→ **RECORDS TO USE**
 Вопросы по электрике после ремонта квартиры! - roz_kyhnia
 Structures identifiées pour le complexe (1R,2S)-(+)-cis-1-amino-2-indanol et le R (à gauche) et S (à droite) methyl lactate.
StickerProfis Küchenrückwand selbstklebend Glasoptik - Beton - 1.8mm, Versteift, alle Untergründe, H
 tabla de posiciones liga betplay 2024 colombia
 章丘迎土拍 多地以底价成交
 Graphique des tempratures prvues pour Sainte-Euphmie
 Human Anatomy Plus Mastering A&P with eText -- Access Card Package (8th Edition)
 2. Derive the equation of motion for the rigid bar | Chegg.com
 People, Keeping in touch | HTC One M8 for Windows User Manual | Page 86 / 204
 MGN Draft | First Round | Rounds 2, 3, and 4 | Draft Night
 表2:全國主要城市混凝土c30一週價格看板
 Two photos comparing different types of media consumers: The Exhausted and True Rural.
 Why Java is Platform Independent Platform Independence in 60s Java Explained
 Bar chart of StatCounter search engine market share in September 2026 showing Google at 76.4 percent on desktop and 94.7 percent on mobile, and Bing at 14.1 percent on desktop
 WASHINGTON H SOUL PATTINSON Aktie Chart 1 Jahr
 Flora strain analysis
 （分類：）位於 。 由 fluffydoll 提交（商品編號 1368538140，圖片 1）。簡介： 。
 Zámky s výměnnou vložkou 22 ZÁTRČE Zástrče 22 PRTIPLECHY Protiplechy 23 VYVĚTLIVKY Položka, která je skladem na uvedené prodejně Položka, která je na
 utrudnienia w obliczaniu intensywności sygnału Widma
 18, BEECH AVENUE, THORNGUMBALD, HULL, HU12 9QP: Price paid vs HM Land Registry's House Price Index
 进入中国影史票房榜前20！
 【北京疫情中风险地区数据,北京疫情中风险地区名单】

→ **WHAT NEEDS TO BE DONE**
From the line containing "表2:全國主要城市混凝土c30一週價格看板" to the final line of the data above, transcribe every line exactly and nothing more.

→ **EXERCISE OUTPUT**
 表2:全國主要城市混凝土c30一週價格看板
 Two photos comparing different types of media consumers: The Exhausted and True Rural.
 Why Java is Platform Independent Platform Independence in 60s Java Explained
 Bar chart of StatCounter search engine market share in September 2026 showing Google at 76.4 percent on desktop and 94.7 percent on mobile, and Bing at 14.1 percent on desktop
 WASHINGTON H SOUL PATTINSON Aktie Chart 1 Jahr
 Flora strain analysis
 （分類：）位於 。 由 fluffydoll 提交（商品編號 1368538140，圖片 1）。簡介： 。
 Zámky s výměnnou vložkou 22 ZÁTRČE Zástrče 22 PRTIPLECHY Protiplechy 23 VYVĚTLIVKY Položka, která je skladem na uvedené prodejně Položka, která je na
 utrudnienia w obliczaniu intensywności sygnału Widma
 18, BEECH AVENUE, THORNGUMBALD, HULL, HU12 9QP: Price paid vs HM Land Registry's House Price Index
 进入中国影史票房榜前20！
 【北京疫情中风险地区数据,北京疫情中风险地区名单】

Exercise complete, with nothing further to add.